I18n, validations and symbols

Few facts:
a) Symbols are never garbage collected,
b) Validations, human_attribute_name and Model.model_name.human
generate lot of symbols as defaults for translations.

Those two things combined lead to lot of memory consumption (the
bigger the application is the more memory is never returned back).
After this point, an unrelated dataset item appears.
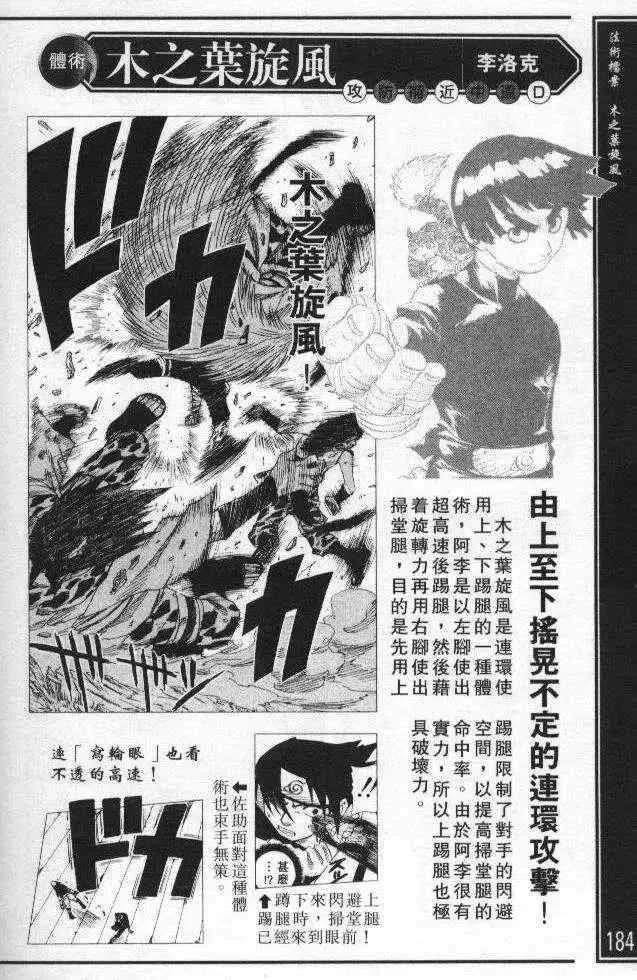 番外篇：术之章 第32页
I
think we could exchange the symbols for a some special class which
would mean: "I'm another default that should be translated instead
just being passed as a string".

To keep compatibility with older rails version the old symbol behavior
shall remain unchanged however rails internals could stop using
symbols as defaults.

String class could be extended with a method that would easily return
our new class like:

class String
def translation_default
   TranslationDefault.new(self)
end
alias_method :t, :translation_default
end

New api:
I18n.t
"activerecord.errors.models.user.attributes.name.blank", :default => [
"activerecord.errors.models.user.blank".t,
"activerecord.errors.messages.blank".t,
"errors.attributes.name.blank".t
"errors.messagges.blank".t,
"Can't be blank"
]

Old api:
I18n.t
"activerecord.errors.models.user.attributes.name.blank", :default => [
:"activerecord.errors.models.user.blank",
:"activerecord.errors.messages.blank",
:"errors.attributes.name.blank",
:"errors.messagges.blank",
"Can't be blank"
]

Both would work.

I would like to know what you think about the problem and solution.

Robert Pankowecki

I'm not a Ruby-internals expert by any means, but I don't think this is really saving any memory over the symbol version - in fact, it seems likely to lead to *more* memory usage and GC churn. The problem is that the strings instantiated in a particular call may get GCed, but there's still the object that's part of the loaded code.

Here's a gist with some code:

http://gist.github.com/660316

On my system (ruby 1.8.7 (2010-01-10 patchlevel 249) [i686-darwin9.8.0]) I get the following output:

131 131 131 132 131 132 132

Not sure about that last value - it should be 131, as the string created by dummy_function should get collected. In any case, making dummy_function return nil instead yields:

130 130 130 130 130 130 130

as it should, since there isn't any string object creation going on during the count intervals.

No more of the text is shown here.